Dans les études sérologiques sur les vaccins HA, des titres protecteurs d’anticorps anti‑VHA apparaissent chez 95 à 100 % des vaccinés après une dose unique de vaccin HA, et près de 100 % des vaccinés affichent une séroconversion après deux doses.
Les taux de séroprotection associés au vaccin HAHB ne sont pas inférieurs, et peuvent même être supérieurs, à ceux des vaccins monovalents contre l’hépatite A et l’hépatite B. Le vaccin HA-Typh-I permet d’obtenir des taux de séroconversion équivalents à ceux obtenus par le vaccin typhoïdique et le vaccin monovalent HA.
Vaccin à composant anti-hépatite A
Le vaccin HA est recommandé pour l’immunisation
pré-exposition des personnes de 1 et plus qui sont exposées à un risque accru d’infection
ou d’HA sévère (voir Tableau 1). Toutes les personnes qui désirent réduire
leur risque de contracter l’hépatite A devraient être encouragées à se
faire vacciner. L’utilisation non conforme du vaccin HA chez les enfants de 6 à
11 mois (p. ex. en raison de voyages dans des régions où la maladie
est endémique) fait actuellement l’objet d’un examen par le Comité consultatif
national de l’immunisation. Dans certaines collectivités des Premières nations,
le vaccin HA est donné dès l’âge de 6 mois. Sauf quelques exceptions, le
vaccin combiné contre l’hépatite A et l’hépatite B (HAHB) est le
vaccin à privilégier pour les sujets chez qui l’immunisation contre ces deux
types d’hépatite est indiquée. Veuillez consulter le chapitre Vaccin contre l’hépatite B de la partie 4 pour obtenir davantage de
renseignements.
Tableau 1 : Sujets chez qui le vaccin contre l’hépatite A est recommandé pour la prophylaxie pré-exposition (pour la prophylaxie post-exposition, se reporter à la section Immunisation post-exposition)
Les personnes qui partent vers des destinations où l’hépatite A est endémique, ou les immigrants de ces régions (se reporter au chapitre Voyageurs).
Les contacts familiaux ou les proches des enfants adoptés de pays où l’HA est endémique.
Les populations ou les collectivités exposées à un risque d’éclosion d’HA ou dans lesquelles l’HA est fortement endémique (p. ex. certaines communautés autochtones).
Les personnes dont les habitudes de vie les exposent à un risque d’infection, notamment les utilisateurs de drogues illicites (par injection ou non) et les hommes ayant des relations sexuelles avec d’autres hommes (HRSH).

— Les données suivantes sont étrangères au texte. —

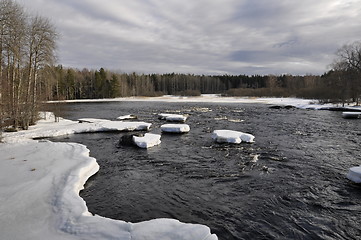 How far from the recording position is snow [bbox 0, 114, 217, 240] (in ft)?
15.1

Les sujets souffrant d’hépatopathie chronique, dont les sujets atteints d’hépatite C. Ces personnes ne sont pas nécessairement exposées à un risque accru d’hépatite A, mais la maladie pourrait être plus sévère dans leur cas.
Les personnes souffrant d’hémophilie A ou B qui reçoivent des facteurs de coagulation dérivés du plasma.
Les membres du personnel militaire et les travailleurs humanitaires qui pourraient être affectés à l’étranger, dans des régions à forte prévalence d’HA.
Les gardiens de zoo, les vétérinaires et les chercheurs en contact avec des primates non humains.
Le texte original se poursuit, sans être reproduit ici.